Journal of Aesthetics and Protest Issue #4 Online

el Journal de Aesthetics and Protests writes:

Journal of Aesthetics and Protest

Issue 4 Available Online


With a creaky call, issue #4 of the LA based Journal of Aesthetics and Protest is now available.

http://www.journalofaestheticsandprotest.org/4/iss ue4.php

We are dancing in the dark. Tough luck kids. In January 2005, we held a dark mass and wailed. We are now dark energy. Darkness has shifted with this ever-expanding fucked-up system. Our dearly held agendas and assumptions- once truisms- are now suspect. How can we work in this glue gloom?

On May 13, 2004 cultural production in 5 cities in the Center of the United States just stopped. The towns themselves didn’t seem to notice, their TV’s still brought in moving images, their radios still played the programmed music. It was unclear if the disappearance was a coordinated act of refusal, or if the producers were taken away. It is unclear whether similar events have occurred elsewhere. Are they dead? Have they disappeared, are they dead or are they in hiding?

This fourth issue of the Journal of Aesthetics and Protest has been most difficult to put together. We conceived the Journal when all things felt possible: just a few years back the Bush Administration was impotent, everyone was high on Hardt and Negri and activists of grassroots globalization were infecting everything with “possibility.” Insurgent action was metastasizing into a holy universal of Zapatista inspired world dance revolution party. Locally, nationally, and internationally, activism was beginning to affect policy. Journal issue number two came together as we were touching on concepts of the grassroots as “Second Superpower…

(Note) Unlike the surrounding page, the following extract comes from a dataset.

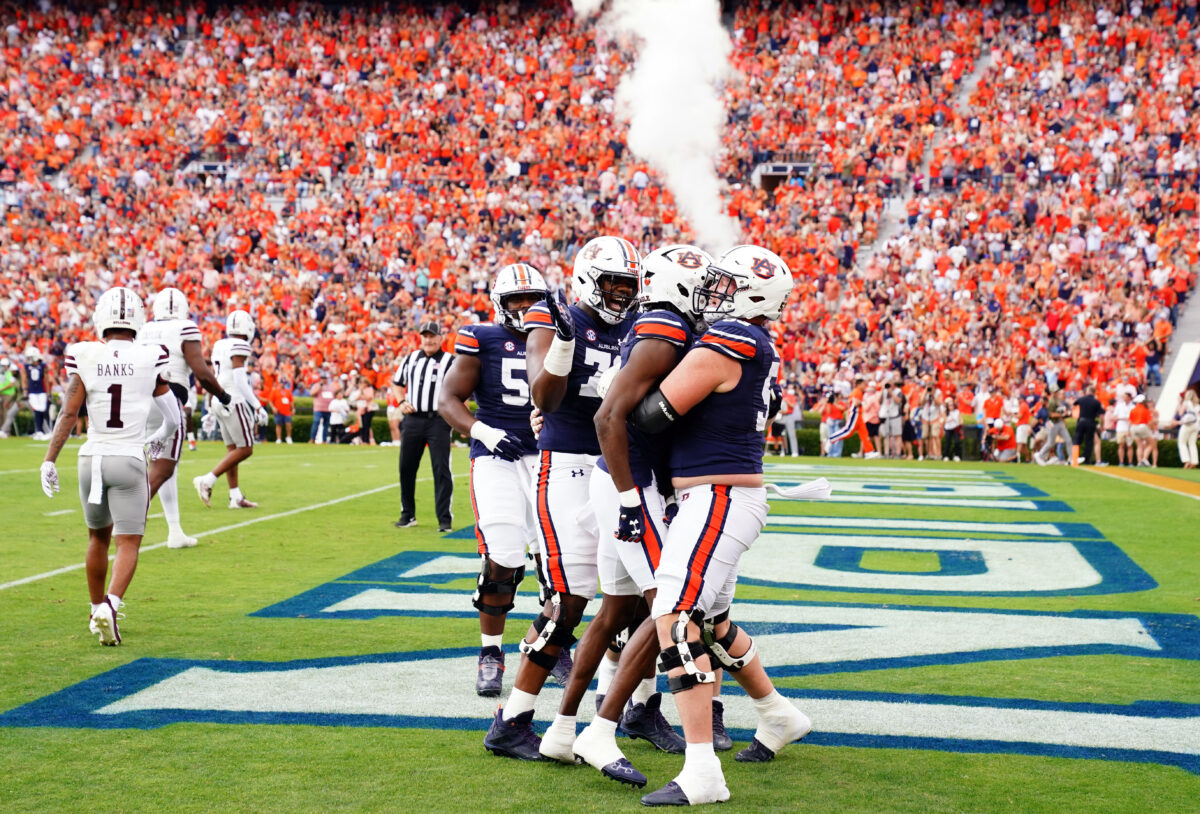 Auburn linemen Gunner Britton and Connor Lew named to SEC team of the week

But now we are unable to hide behind dreams of possibility – there simply is no sublime to buoy our relationship with the current US regime. Some of our previous forwards seem now funny. We, and the movement have changed. What recently seemed achievable now feels impossible: currently the strongest freak-culture is not an anarchist collective but the Bush cabinet.

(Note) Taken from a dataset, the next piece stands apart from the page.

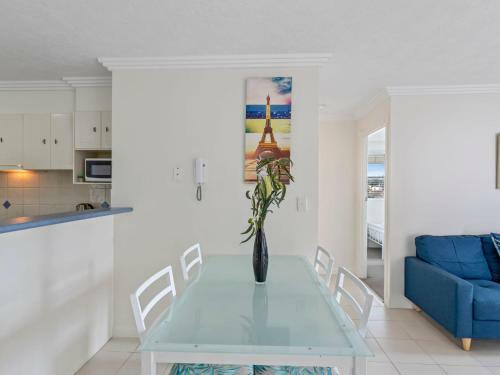 Palm Beach 2 Bedroom Apartment On The Beach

In piecing this issue together we looked at several contemporary models of resistance from the United States and abroad. From the States, it was difficult to find something not developed in relationship to the recent presidential elections – replaying themes of carnival, intervention, pop-culture dissent. These models are inspiring and locally effective, but few of them leave hints of how to work broadly in the current political context.